**Exercise aim:**
Word for word, give the records again, dropping any picture they hold.

•••••

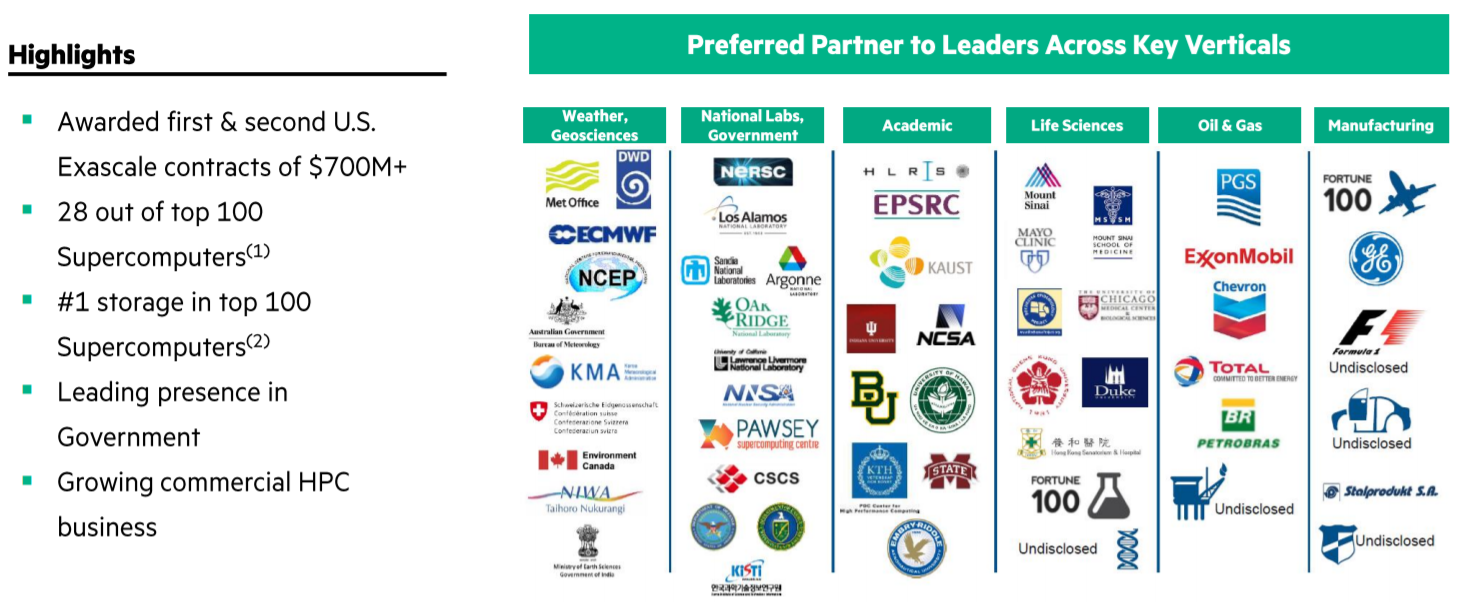 Hewlett Packard Enterprise On The Acquisition Trail Hewlett Packard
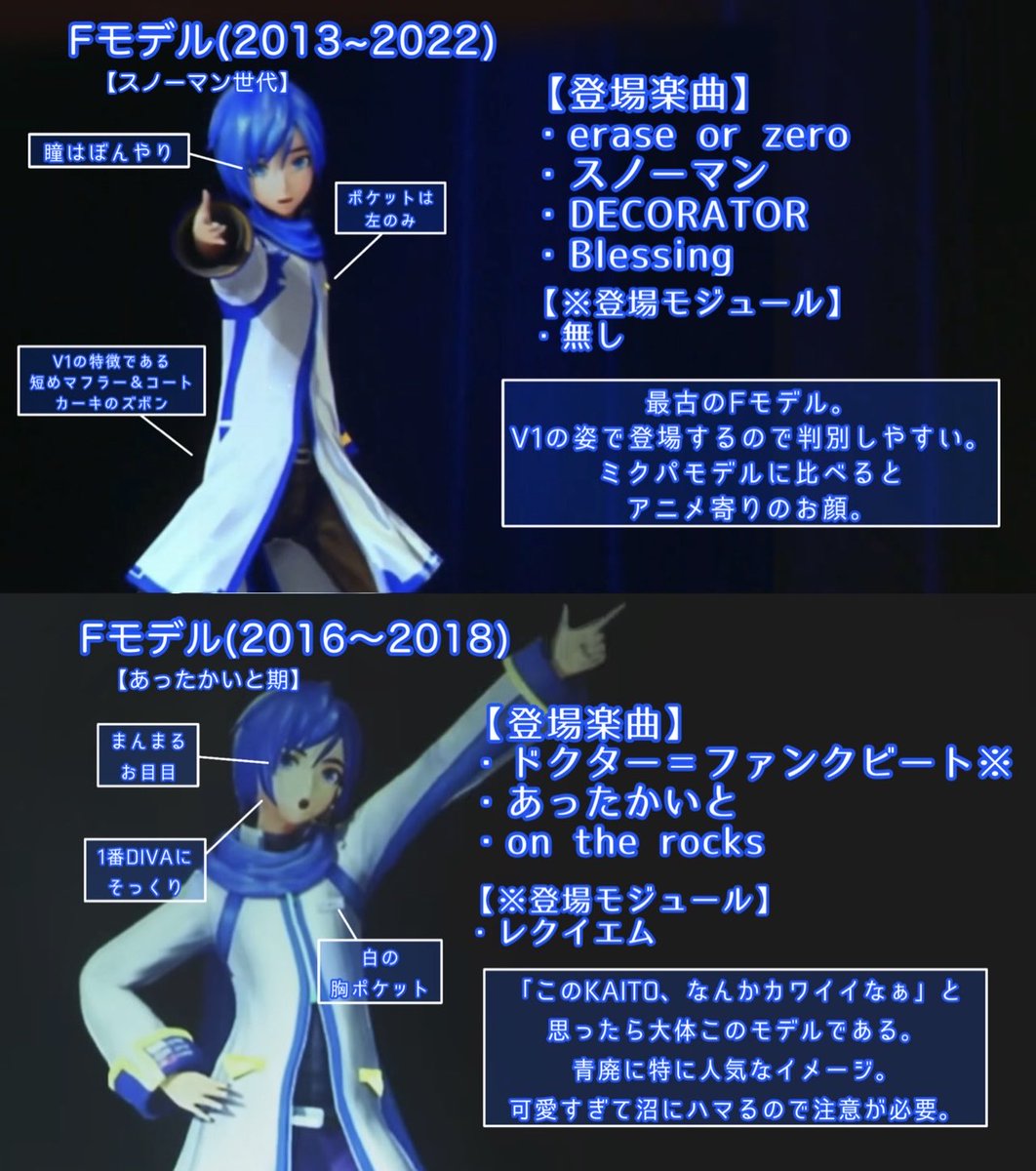 Machaa_chan00's tweet photo. 【2026年版】
マジカルミライ(+その他ライブ)で登場したKAITOモデルを種類別に比較してみた(簡易版)

⬇️詳しい比較はnoteにまとめました
https://t.co/jaO3KRKieE https://t.co/wSn1JTZf0e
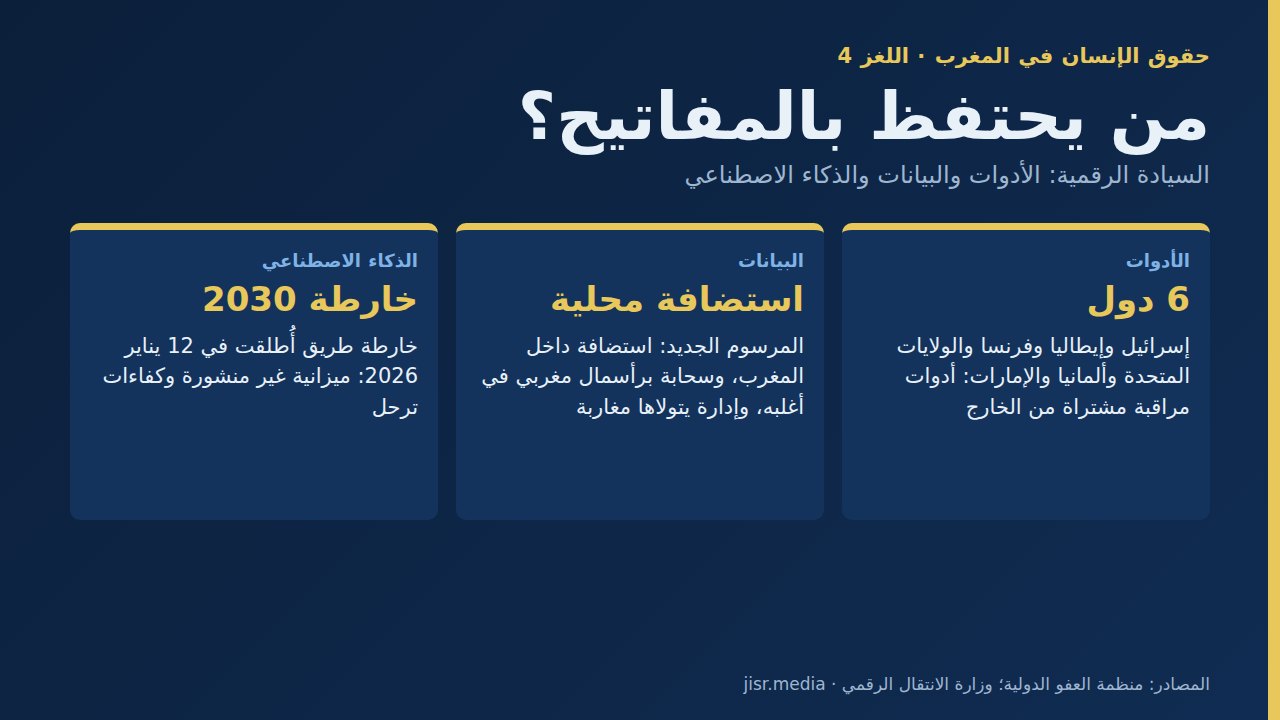 حقوق الإنسان في المغرب: اللغز 4 — من يحتفظ بالمفاتيح؟ السيادة الرقمية والأدوات الأجنبية والبيانات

•••••

**Solution below:**
 Hewlett Packard Enterprise On The Acquisition Trail Hewlett Packard
 Machaa_chan00's tweet photo. 【2026年版】
マジカルミライ(+その他ライブ)で登場したKAITOモデルを種類別に比較してみた(簡易版)

⬇️詳しい比較はnoteにまとめました
https://t.co/jaO3KRKieE https://t.co/wSn1JTZf0e
 حقوق الإنسان في المغرب: اللغز 4 — من يحتفظ بالمفاتيح؟ السيادة الرقمية والأدوات الأجنبية والبيانات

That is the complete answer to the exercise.